## DIRECTIONS FOR THIS TASK
Determine how many lines in the listing below contain the word "Outfit", then state that number by itself.

----------------------------------------

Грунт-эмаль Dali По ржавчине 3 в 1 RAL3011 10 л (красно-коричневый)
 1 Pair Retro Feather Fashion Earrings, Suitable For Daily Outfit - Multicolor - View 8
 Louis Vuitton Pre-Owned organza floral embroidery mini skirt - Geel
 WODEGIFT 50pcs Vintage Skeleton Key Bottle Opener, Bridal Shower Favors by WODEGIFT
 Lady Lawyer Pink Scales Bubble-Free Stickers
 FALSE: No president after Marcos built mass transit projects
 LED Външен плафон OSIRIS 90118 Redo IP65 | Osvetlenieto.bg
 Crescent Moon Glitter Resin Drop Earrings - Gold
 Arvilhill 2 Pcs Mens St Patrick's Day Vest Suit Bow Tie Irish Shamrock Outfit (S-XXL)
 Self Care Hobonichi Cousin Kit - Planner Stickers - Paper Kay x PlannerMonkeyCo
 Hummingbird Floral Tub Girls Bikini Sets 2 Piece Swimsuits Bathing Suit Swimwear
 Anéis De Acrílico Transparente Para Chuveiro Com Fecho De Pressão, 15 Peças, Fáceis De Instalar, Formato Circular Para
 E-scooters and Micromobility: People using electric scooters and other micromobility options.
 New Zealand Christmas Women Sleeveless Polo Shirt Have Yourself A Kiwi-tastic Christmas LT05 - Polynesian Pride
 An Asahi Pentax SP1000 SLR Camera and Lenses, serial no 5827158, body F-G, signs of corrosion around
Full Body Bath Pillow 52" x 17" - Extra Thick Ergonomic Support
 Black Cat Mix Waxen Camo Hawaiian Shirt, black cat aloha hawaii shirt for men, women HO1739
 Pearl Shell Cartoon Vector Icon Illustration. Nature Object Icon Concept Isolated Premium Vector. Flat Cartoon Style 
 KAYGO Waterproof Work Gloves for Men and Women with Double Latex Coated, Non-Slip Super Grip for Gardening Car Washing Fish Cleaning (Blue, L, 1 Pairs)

----------------------------------------

## TASK RESULT
2